「贺骁破了程俞的咒术?并且还破得干净彻底,否则程俞不会遭反噬吐血。」白都使转了转茶盏,「怎么破的?」
樊胜摇头:「不清楚。」「程俞何人,你知道么?」
樊胜老实道:「曾有耳闻,不甚清楚。」
「他的秘术,连邙国国君都能咒死。这个贺骁被暗算还能反制他,段位很高啊。「白都使沉吟,「才十七岁,嗯,太年轻了。」
「这样的人,你还想在荷宫跟他打赌?」一说起那场战斗,樊胜就尴尬:「他跟那头老虎联手,都没打过我。我以为进了荷宫以后,准能打败他。」
「然而没有。

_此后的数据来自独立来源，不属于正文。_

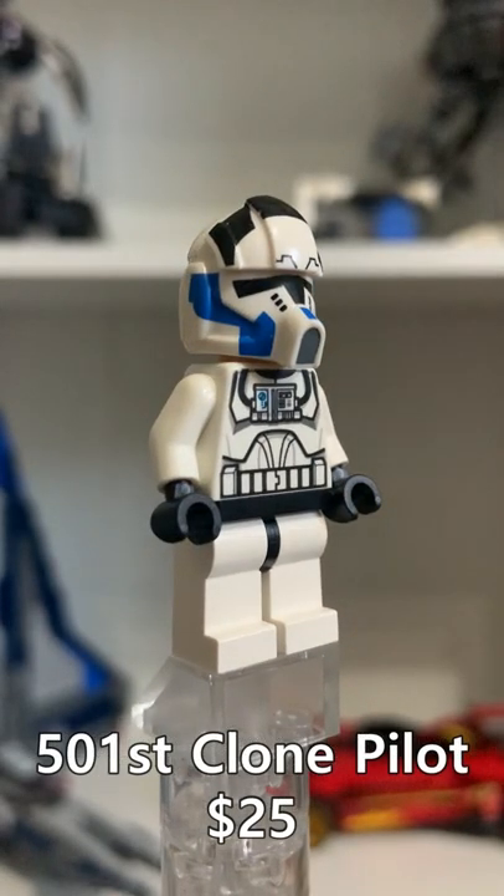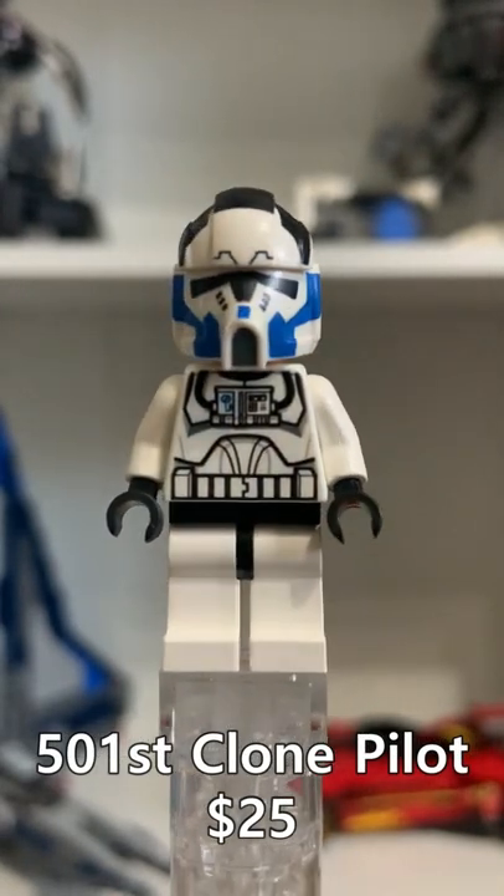This 501 Clone Trooper Pilot is worth $25. He came in the Z-95 Headhunter.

」白都使知道樊胜并非真是个不知进退、不谙敌我强弱的人,否则就算有兄长照拂,也不可能在同心卫长久地干下去。他正色道,「你偷袭起手,反而被他击败。我要你仔细回想荷宫中的战斗,他做的准备是不是比你充分?」
樊胜一直在反复揣摩那场战斗,这时也不需要再复盘就点头:「是!」
「现在想来,他在荷宫中的章法超过了前几天的客栈遭遇战。"樊胜犹豫一下仍道,「也可能是因为,我在客栈没下死手,他也没拿出压箱底的本事。」